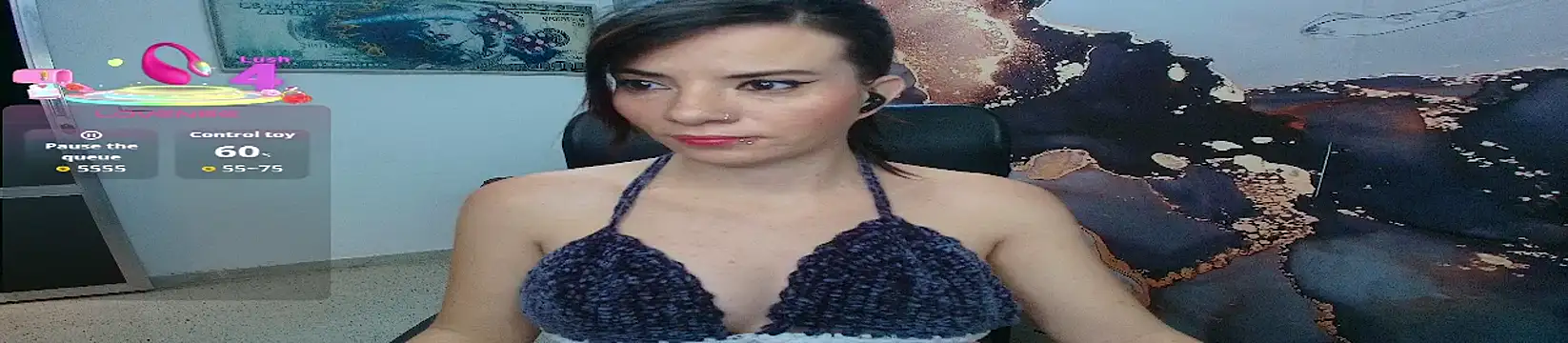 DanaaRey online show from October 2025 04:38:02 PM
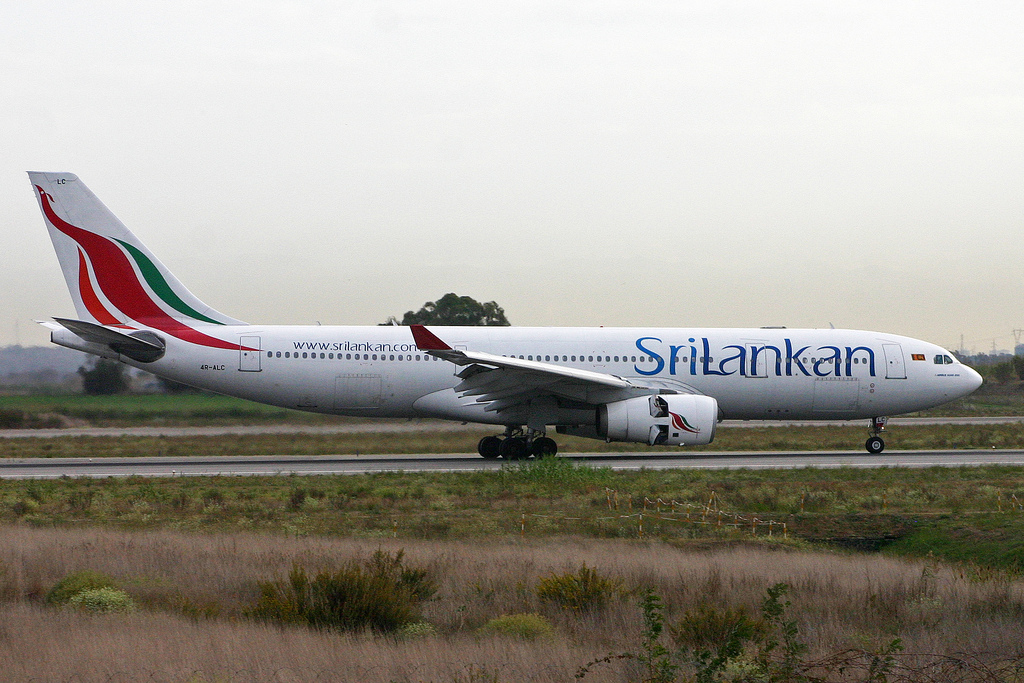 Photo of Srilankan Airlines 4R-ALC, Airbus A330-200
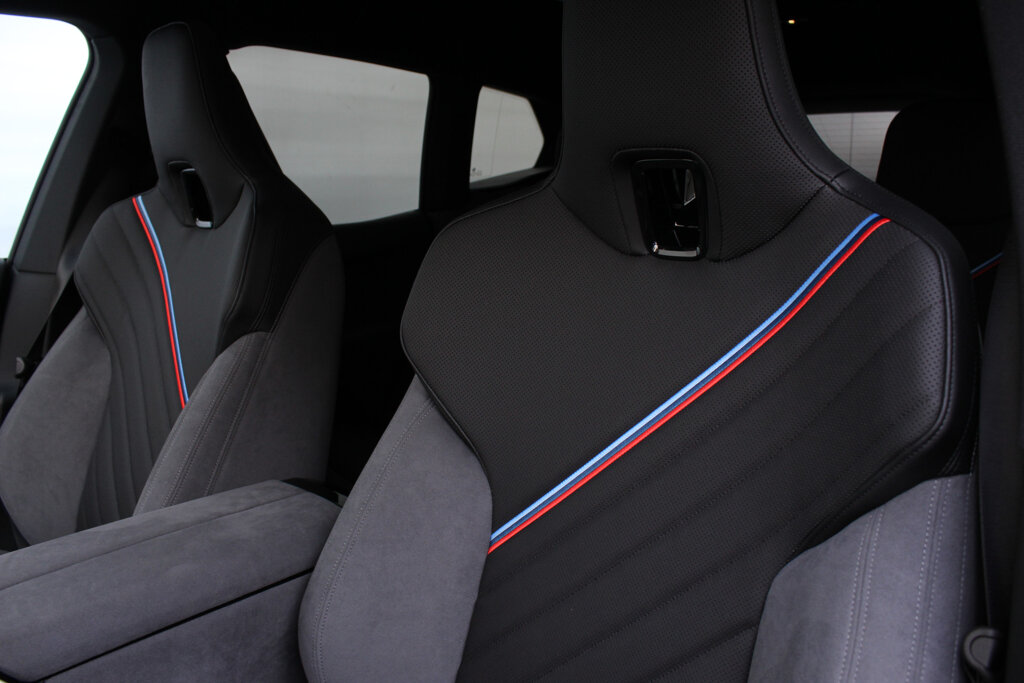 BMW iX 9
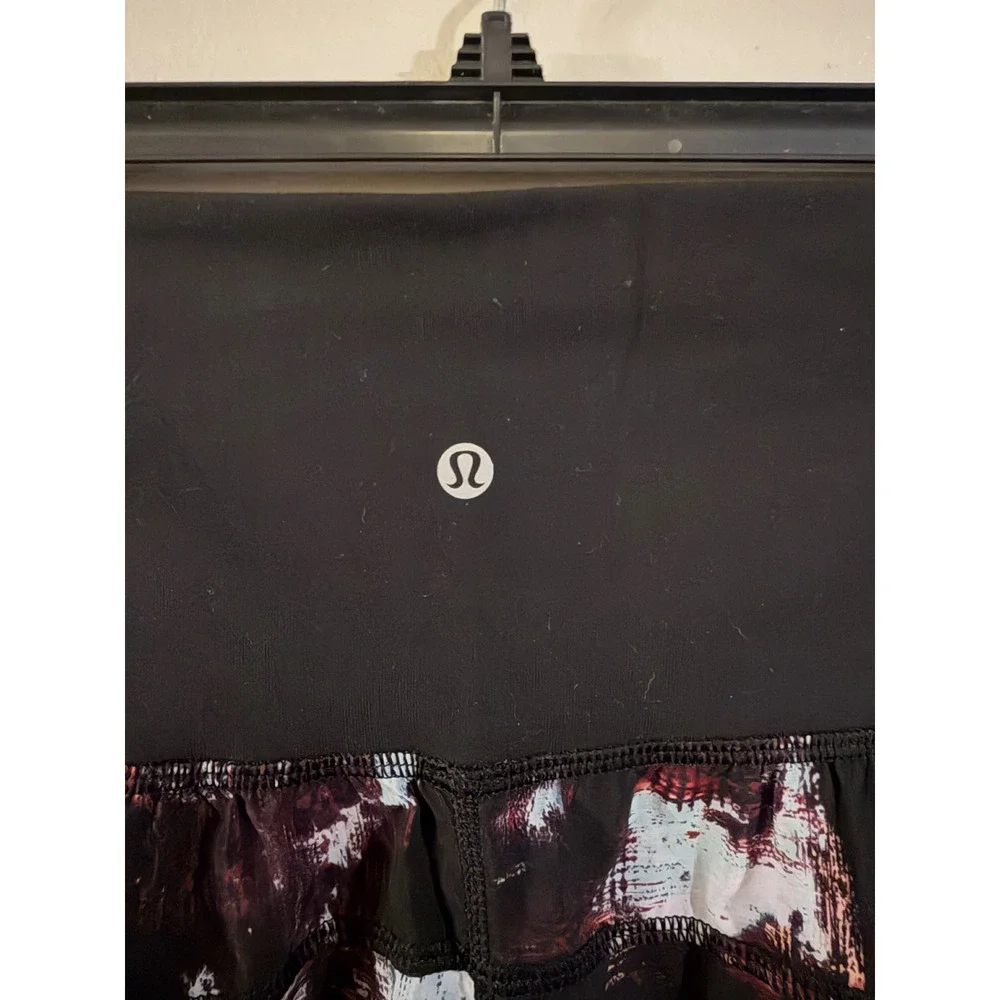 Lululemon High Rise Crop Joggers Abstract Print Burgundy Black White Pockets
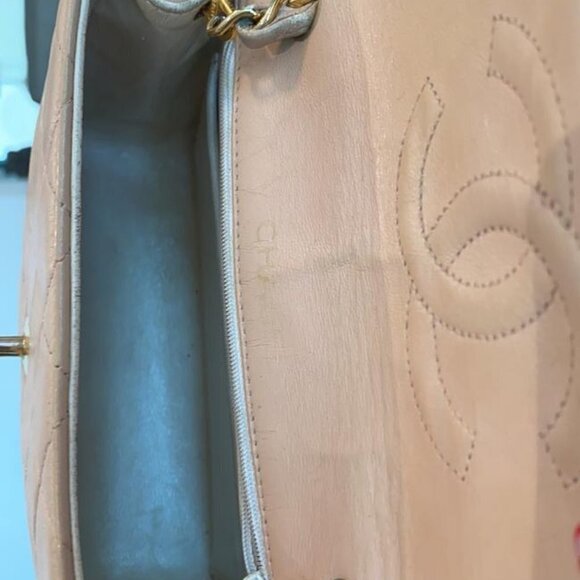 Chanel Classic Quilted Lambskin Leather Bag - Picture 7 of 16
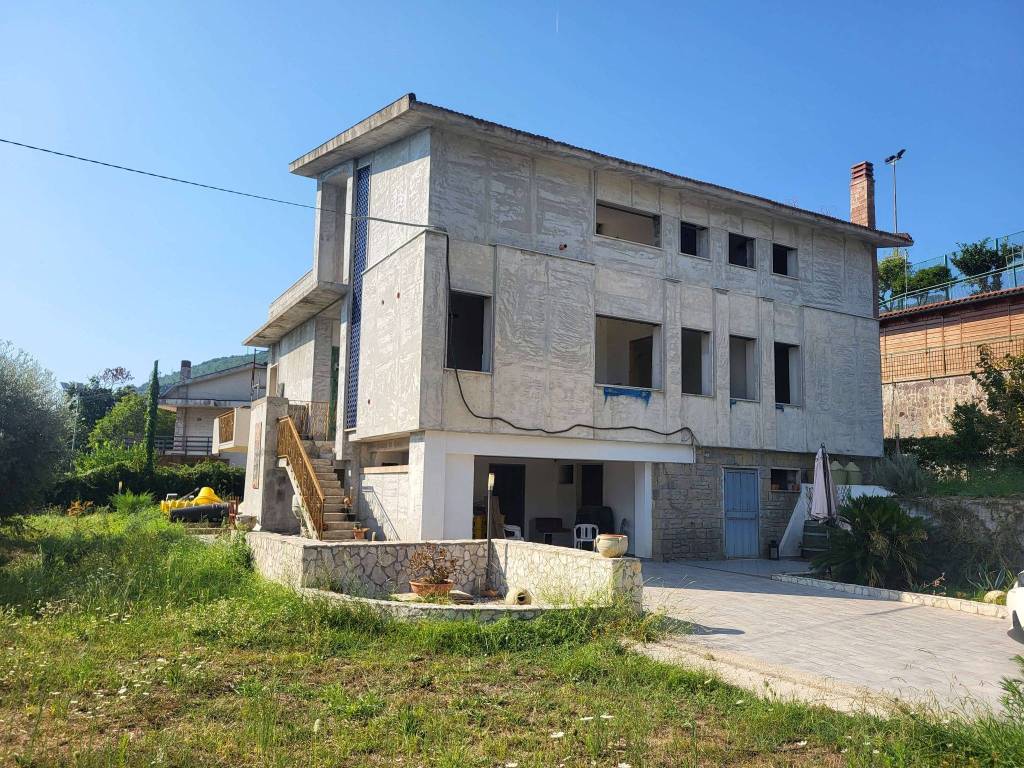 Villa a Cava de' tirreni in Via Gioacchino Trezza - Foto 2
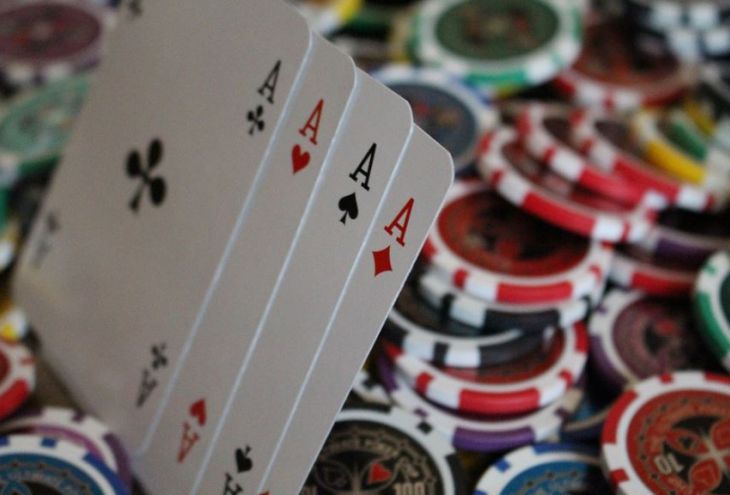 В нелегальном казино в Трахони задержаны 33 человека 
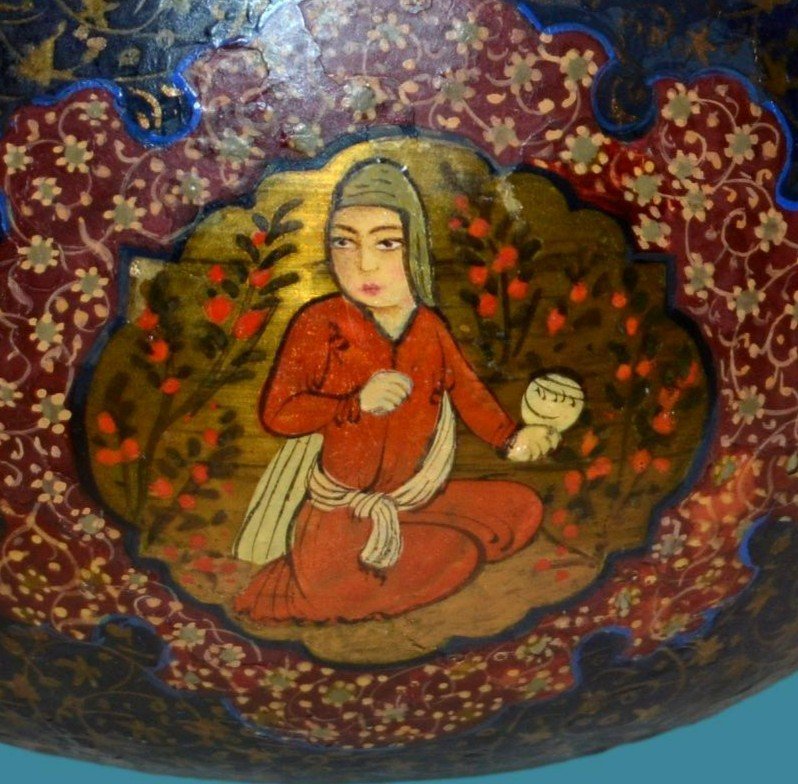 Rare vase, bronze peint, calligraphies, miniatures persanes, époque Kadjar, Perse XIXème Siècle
----
#### [WHAT THE TASK ASKS]
A verbatim transcript of the material above, with images dropped, is the expected output.

#### [THE COMPLETED TASK]
 DanaaRey online show from October 2025 04:38:02 PM
 Photo of Srilankan Airlines 4R-ALC, Airbus A330-200
 BMW iX 9
 Lululemon High Rise Crop Joggers Abstract Print Burgundy Black White Pockets
 Chanel Classic Quilted Lambskin Leather Bag - Picture 7 of 16
 Villa a Cava de' tirreni in Via Gioacchino Trezza - Foto 2
 В нелегальном казино в Трахони задержаны 33 человека 
 Rare vase, bronze peint, calligraphies, miniatures persanes, époque Kadjar, Perse XIXème Siècle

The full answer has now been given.